On Fri, Jan 27, 2012 at 10:20:08PM -0500, Martin Hannigan wrote:
> On Fri, Jan 27, 2012 at 1:32 PM, Randy Epstein <na...@hostleasing.net> wrote:
> >
> >
> > On 1/27/12 1:23 PM, "valdis.kletni...@vt.edu" <valdis.kletni...@vt.edu>
> > wrote:
> >
> >>On Fri, 27 Jan 2012 13:16:27 EST, Bryan Horstmann-Allen said:
> >>
> >>> Bit odd, if it's a phish.
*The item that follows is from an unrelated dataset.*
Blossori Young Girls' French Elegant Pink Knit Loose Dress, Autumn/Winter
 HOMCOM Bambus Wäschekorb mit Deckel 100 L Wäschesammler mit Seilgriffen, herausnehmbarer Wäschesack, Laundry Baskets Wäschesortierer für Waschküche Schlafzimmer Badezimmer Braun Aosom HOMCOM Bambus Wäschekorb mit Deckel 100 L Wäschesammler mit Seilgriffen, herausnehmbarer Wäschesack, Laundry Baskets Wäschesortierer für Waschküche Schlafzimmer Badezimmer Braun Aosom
Even more odd if it's actually from the Fed.
> >>
> >>What if it's a phish from a compromised Fed box? :)
> >
> > We've spoken to folks at various FBI field offices and at 26 Plaza in New
> > York which is handling this case.  Further, John Curran (ARIN CEO) has
> > confirmed it's real via their own liaison and Paul Vixie is actually
> > working with them on this.
> >
> 
> 
> It's definitely real.
> 
> Best,
> 
> -M<
> 

        I missed the part where ARIN turned over its address database w/ 
associatedd
        registration information to the Fed ... I mean I've always advocated 
for 
        LEO access, but ther has been significant pushback fromm the community 
on
        unfettered access to that data.  As I recall, there are even policies 
and
        processes to limit/restrict external queries to prevent a DDos of the 
whois
        servers.  And some fairly strict policies on who gets dumps of the 
address
        space.  As far as I know (not very far) bundling the address database
        -and- the registration data are not available to mere mortals.

        So - just how DID the Fed get the data w/o violating ARIN policy?